Could this be down to the very wide angle lens on the GoPro type cameras?
I get the feeling it was made before the advent of those.
If you're referring to my comment about the summit ridge then it's true that a wide angle lens would make it appear sharper than reality - indeed there was a helmet cam clip of the Nadelgrat recently where this was certainly the case. However, in this case I was remarking that it looked a lot LESS sharp in the film than my memory of it. I suspect that it just tends to form differently from year to year. I do remember it being uncomfortably steep on the Whymper side so after a distance I crossed over to the Argentière side expecting it to be much more friendly, but to my dismay, it wasn't!
I'd say that was a very fair comment during most of the film.
Short roping can be very effective at arresting a slip by the lower person (in ascent or descent) but only if the rope is as tight as possible. However, on many routes with long stretches of easy terrain - such as this couloir - many people relax a little and move together, the rope not really serving any purpose - don't forget, the film is tilted and the terrain a lot easier than the cameraman would have you believe. The reason for remaining roped up is that the rope is instantly available should it be needed to climb a more difficult section in a pitch.
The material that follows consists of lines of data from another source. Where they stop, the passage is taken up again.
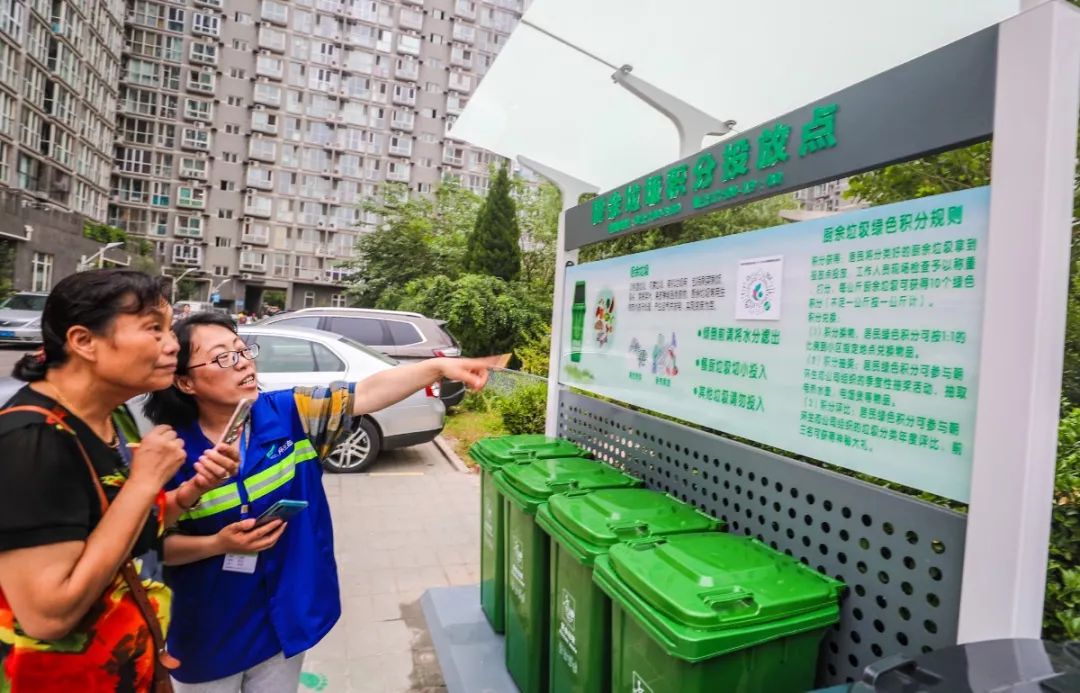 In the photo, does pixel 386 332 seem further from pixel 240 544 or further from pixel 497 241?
pixel 497 241

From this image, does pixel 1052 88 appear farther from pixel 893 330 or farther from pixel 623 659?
pixel 623 659

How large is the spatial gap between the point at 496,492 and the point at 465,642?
0.84 meters

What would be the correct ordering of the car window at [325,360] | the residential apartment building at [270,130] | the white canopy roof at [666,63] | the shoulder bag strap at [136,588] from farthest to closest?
1. the residential apartment building at [270,130]
2. the car window at [325,360]
3. the white canopy roof at [666,63]
4. the shoulder bag strap at [136,588]

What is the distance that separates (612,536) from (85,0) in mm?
44983

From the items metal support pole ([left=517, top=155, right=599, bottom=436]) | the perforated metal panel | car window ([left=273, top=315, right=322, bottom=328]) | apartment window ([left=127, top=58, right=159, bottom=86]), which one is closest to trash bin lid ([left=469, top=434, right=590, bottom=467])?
metal support pole ([left=517, top=155, right=599, bottom=436])

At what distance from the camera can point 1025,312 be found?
1.31 meters

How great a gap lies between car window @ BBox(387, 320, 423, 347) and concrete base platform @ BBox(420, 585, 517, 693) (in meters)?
5.89

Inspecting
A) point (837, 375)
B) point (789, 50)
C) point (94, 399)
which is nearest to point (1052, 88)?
point (837, 375)

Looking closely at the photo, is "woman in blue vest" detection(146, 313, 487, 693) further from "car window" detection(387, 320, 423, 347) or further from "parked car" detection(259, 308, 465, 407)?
"car window" detection(387, 320, 423, 347)

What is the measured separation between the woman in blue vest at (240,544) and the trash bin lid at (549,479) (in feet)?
2.96

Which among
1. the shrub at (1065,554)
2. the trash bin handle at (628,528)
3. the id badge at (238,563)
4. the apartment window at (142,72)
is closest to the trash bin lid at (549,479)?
the trash bin handle at (628,528)

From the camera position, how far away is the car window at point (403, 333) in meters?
9.30

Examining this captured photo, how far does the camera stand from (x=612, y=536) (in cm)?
196

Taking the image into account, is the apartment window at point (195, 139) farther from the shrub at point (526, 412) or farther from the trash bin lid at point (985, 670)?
the trash bin lid at point (985, 670) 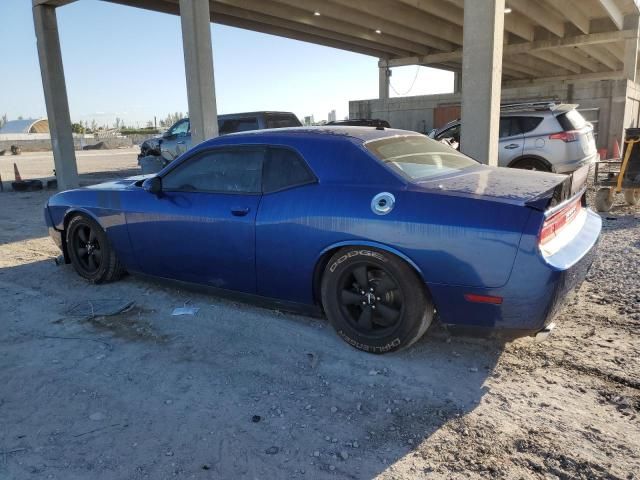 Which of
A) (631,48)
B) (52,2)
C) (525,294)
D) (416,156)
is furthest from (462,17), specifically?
(525,294)

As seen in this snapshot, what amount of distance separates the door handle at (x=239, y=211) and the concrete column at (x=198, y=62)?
6.52 metres

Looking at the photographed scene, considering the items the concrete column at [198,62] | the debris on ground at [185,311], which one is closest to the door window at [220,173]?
the debris on ground at [185,311]

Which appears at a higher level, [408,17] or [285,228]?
[408,17]

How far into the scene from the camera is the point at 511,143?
9.86 metres

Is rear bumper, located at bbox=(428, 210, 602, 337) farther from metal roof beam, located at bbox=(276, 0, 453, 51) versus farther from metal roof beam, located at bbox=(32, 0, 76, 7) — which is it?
metal roof beam, located at bbox=(276, 0, 453, 51)

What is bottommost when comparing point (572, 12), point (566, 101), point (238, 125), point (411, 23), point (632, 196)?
point (632, 196)

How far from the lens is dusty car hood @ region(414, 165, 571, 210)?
9.77 feet

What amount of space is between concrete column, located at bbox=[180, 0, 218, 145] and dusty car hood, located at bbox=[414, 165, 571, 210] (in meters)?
7.11

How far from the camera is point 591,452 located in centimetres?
238

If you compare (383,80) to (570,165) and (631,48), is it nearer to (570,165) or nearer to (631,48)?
(631,48)

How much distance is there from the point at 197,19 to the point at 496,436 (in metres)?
9.49

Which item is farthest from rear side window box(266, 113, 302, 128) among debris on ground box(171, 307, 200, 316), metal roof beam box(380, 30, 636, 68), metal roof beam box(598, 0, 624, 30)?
metal roof beam box(380, 30, 636, 68)

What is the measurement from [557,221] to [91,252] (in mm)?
4310

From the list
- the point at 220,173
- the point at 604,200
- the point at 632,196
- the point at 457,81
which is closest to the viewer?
the point at 220,173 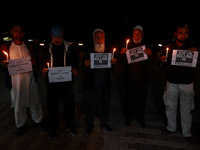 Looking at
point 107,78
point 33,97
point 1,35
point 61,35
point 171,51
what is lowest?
point 33,97

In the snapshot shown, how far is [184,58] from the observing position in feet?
11.0

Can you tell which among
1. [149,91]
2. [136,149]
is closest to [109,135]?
[136,149]

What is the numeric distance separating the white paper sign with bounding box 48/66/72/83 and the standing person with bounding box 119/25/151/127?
1.24m

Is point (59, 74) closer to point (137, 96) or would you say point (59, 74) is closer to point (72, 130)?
point (72, 130)

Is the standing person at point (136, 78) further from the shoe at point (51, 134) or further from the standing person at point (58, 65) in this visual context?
the shoe at point (51, 134)

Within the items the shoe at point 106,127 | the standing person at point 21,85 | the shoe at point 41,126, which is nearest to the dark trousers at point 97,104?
the shoe at point 106,127

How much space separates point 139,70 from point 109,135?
161cm

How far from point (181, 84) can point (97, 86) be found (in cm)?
174

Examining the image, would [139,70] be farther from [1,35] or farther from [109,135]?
[1,35]

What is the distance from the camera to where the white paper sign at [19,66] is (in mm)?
3373

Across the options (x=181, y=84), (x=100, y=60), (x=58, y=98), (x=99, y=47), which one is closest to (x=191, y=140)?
(x=181, y=84)

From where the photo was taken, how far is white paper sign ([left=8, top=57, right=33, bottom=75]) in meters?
3.37

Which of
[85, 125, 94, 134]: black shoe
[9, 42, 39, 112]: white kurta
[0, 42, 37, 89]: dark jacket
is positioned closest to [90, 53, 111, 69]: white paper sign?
[0, 42, 37, 89]: dark jacket

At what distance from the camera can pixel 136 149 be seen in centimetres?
338
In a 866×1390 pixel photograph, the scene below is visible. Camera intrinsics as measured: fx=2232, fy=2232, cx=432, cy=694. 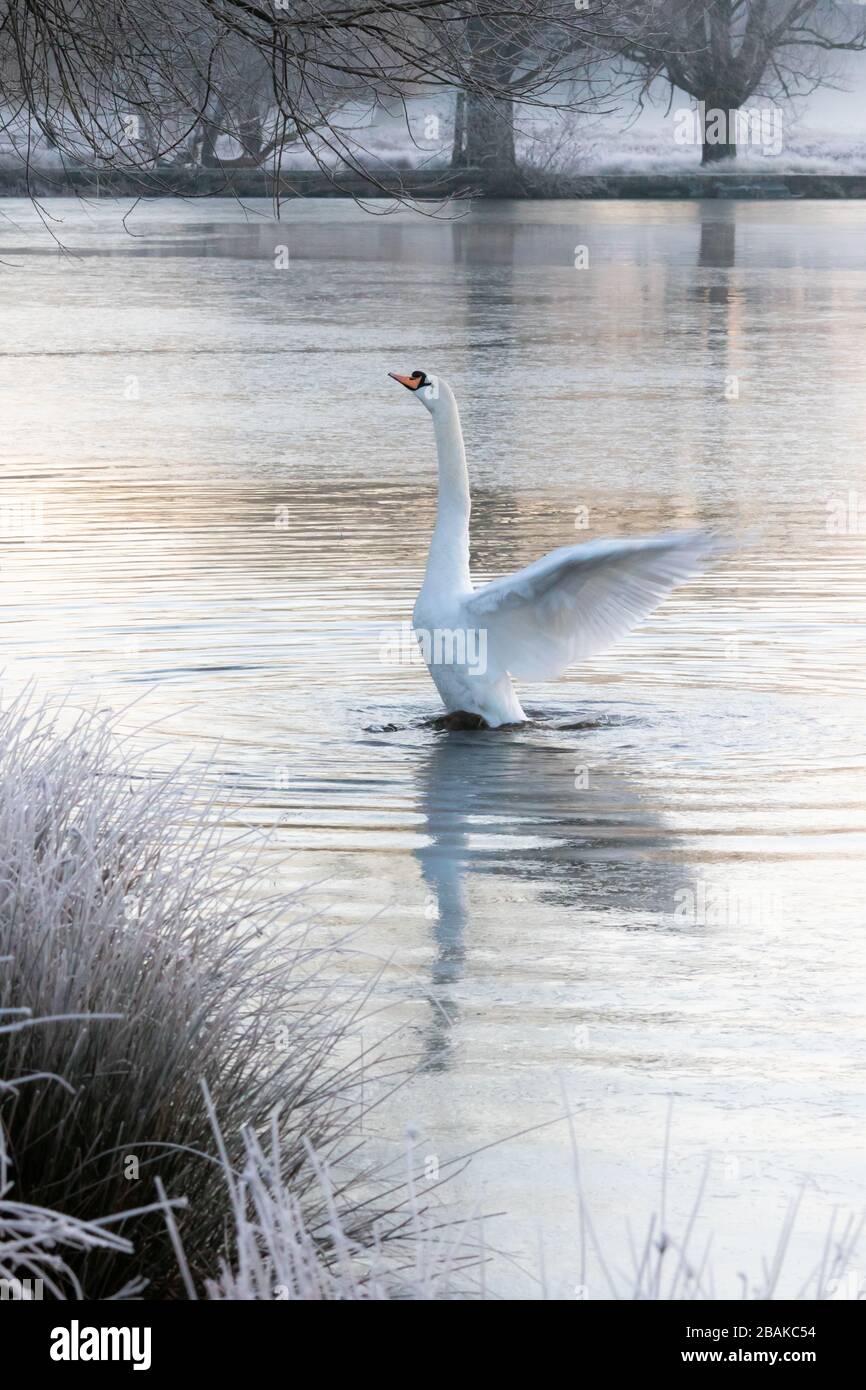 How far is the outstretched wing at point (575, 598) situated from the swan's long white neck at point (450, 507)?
0.27 meters

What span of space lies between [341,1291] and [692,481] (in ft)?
41.7

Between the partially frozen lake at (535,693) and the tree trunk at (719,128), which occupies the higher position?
the tree trunk at (719,128)

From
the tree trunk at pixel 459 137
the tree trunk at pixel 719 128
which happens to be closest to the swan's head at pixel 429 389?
the tree trunk at pixel 459 137

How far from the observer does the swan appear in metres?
8.72

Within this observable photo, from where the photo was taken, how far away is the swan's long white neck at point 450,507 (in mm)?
9320

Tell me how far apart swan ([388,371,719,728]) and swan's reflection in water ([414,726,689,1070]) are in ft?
0.81

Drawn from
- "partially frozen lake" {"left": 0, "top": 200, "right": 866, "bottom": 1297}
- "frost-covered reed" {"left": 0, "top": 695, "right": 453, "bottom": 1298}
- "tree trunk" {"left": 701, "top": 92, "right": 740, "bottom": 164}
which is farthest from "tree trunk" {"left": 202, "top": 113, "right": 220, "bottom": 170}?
"tree trunk" {"left": 701, "top": 92, "right": 740, "bottom": 164}

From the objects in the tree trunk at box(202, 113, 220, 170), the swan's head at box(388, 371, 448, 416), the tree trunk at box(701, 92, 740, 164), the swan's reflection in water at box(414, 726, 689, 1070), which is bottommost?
the swan's reflection in water at box(414, 726, 689, 1070)

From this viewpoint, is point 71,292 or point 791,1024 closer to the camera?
point 791,1024

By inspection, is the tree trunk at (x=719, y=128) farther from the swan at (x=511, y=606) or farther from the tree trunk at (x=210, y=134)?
the swan at (x=511, y=606)

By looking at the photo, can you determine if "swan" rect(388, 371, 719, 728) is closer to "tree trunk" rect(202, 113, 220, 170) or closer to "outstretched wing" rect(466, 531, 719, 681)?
"outstretched wing" rect(466, 531, 719, 681)

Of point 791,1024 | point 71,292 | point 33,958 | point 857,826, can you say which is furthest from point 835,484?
point 71,292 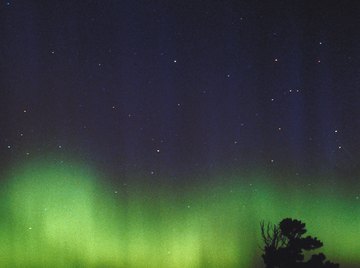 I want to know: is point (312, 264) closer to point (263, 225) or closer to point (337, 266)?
point (337, 266)

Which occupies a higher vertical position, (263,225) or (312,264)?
(263,225)

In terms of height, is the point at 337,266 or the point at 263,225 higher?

In that case it's just necessary to uncoil a few of the shoulder coils - as happens at about 3 minutes in. Coiling the rope and packing it away only to need it again a few minutes later is just too time consuming. I'm guessing that the guide in the film knows his client well enough that he is happy to move together like this and maybe tightening it up for the odd slightly harder bit - and of course that the client is happy that they do this. Moving together is more or less essential on this type of terrain - pitching it would simply take far too long.
Myself I prefer to use a longer rope and place some form of runner as we climb. Also means you can get your breath back every now and again as you let your second catch up and hand you all the gear he's collected.
This also has the advantage that you can pass some of the work carrying the gear to the lower climber! Clever ploy.
The full thing is here - http://www.dailymotion.com/video/xui6b7_au-dela-des-cimes_sport#.USkspaW9rNo
Impressive stuff on what I think is "Elixir d'Astoroth" on the Grand Cap....
> The full thing is here - http://www.dailymotion.com/video/xui6b7_au-dela-des-cimes_sport#.USkspaW9rNo
> Impressive stuff on what I think is "Elixir d'Astoroth" on the Grand Cap....
I received the DVD as a present !
While on the technical aspects of climbing - can anyone recommend any videos of how to set up and pack portaledges - not that I'm thinking of doing it of course anything above grade 1 scrambling is beyond my limits!
I've not done it but I think the options are i)down the same way in good snow conditions and early in the day, ii) otherwise down a long ridge if it is not too snowy, iii) otherwise spend the night somewhere not very comfortable and reassess. Option iii) seems rather common.